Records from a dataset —
-- -- --

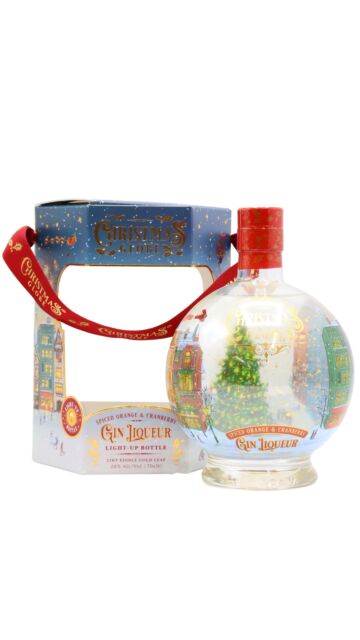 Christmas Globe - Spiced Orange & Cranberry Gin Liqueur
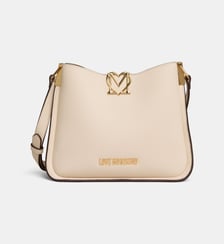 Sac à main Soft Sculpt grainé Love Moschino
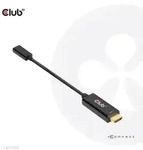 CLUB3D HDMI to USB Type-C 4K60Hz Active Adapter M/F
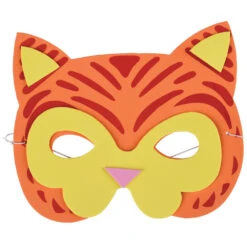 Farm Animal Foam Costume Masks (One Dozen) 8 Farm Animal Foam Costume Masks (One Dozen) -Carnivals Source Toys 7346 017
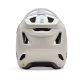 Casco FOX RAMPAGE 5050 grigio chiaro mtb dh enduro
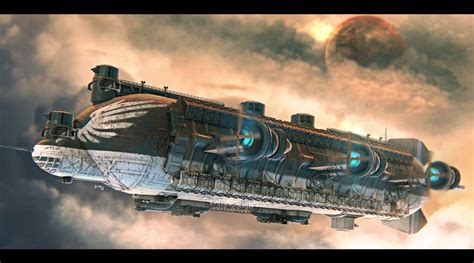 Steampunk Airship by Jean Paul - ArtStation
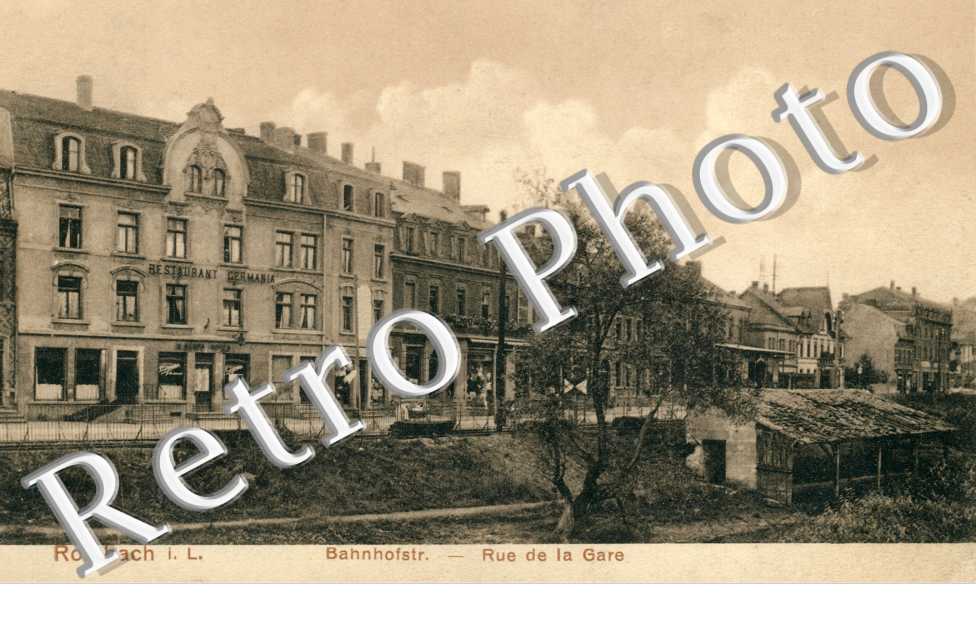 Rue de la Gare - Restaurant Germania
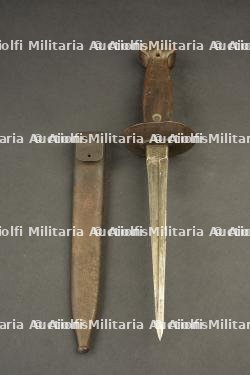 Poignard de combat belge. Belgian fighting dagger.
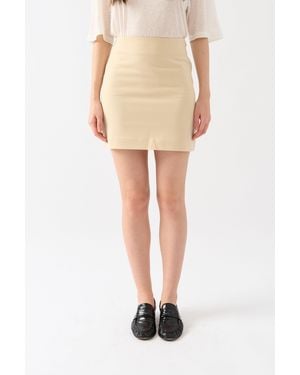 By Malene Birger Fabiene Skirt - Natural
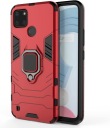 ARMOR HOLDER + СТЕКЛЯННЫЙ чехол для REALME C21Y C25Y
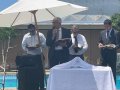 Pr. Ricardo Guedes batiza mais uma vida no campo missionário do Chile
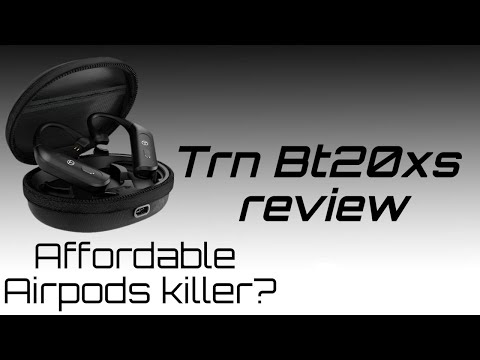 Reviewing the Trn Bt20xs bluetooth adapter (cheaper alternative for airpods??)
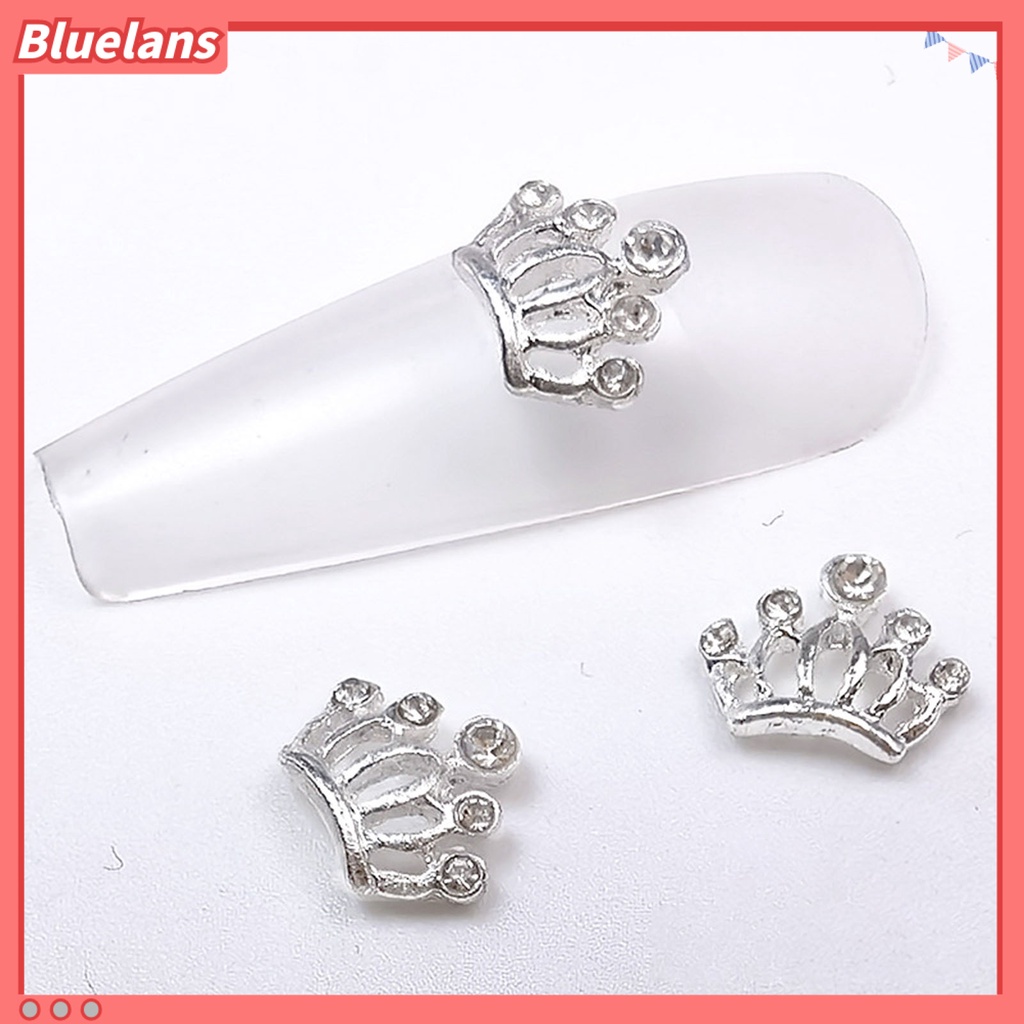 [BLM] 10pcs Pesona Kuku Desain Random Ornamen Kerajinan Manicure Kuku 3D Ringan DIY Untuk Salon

-- -- --

WHAT TO WORK ON — Without including any pictures, repeat the records above exactly.

SOLUTION TO THIS EXERCISE —
 Christmas Globe - Spiced Orange & Cranberry Gin Liqueur
 Sac à main Soft Sculpt grainé Love Moschino
 CLUB3D HDMI to USB Type-C 4K60Hz Active Adapter M/F
 Farm Animal Foam Costume Masks (One Dozen) 8 Farm Animal Foam Costume Masks (One Dozen) -Carnivals Source Toys 7346 017
 Casco FOX RAMPAGE 5050 grigio chiaro mtb dh enduro
 Steampunk Airship by Jean Paul - ArtStation
 Rue de la Gare - Restaurant Germania
 Poignard de combat belge. Belgian fighting dagger.
 By Malene Birger Fabiene Skirt - Natural
 ARMOR HOLDER + СТЕКЛЯННЫЙ чехол для REALME C21Y C25Y
 Pr. Ricardo Guedes batiza mais uma vida no campo missionário do Chile
 Reviewing the Trn Bt20xs bluetooth adapter (cheaper alternative for airpods??)
 [BLM] 10pcs Pesona Kuku Desain Random Ornamen Kerajinan Manicure Kuku 3D Ringan DIY Untuk Salon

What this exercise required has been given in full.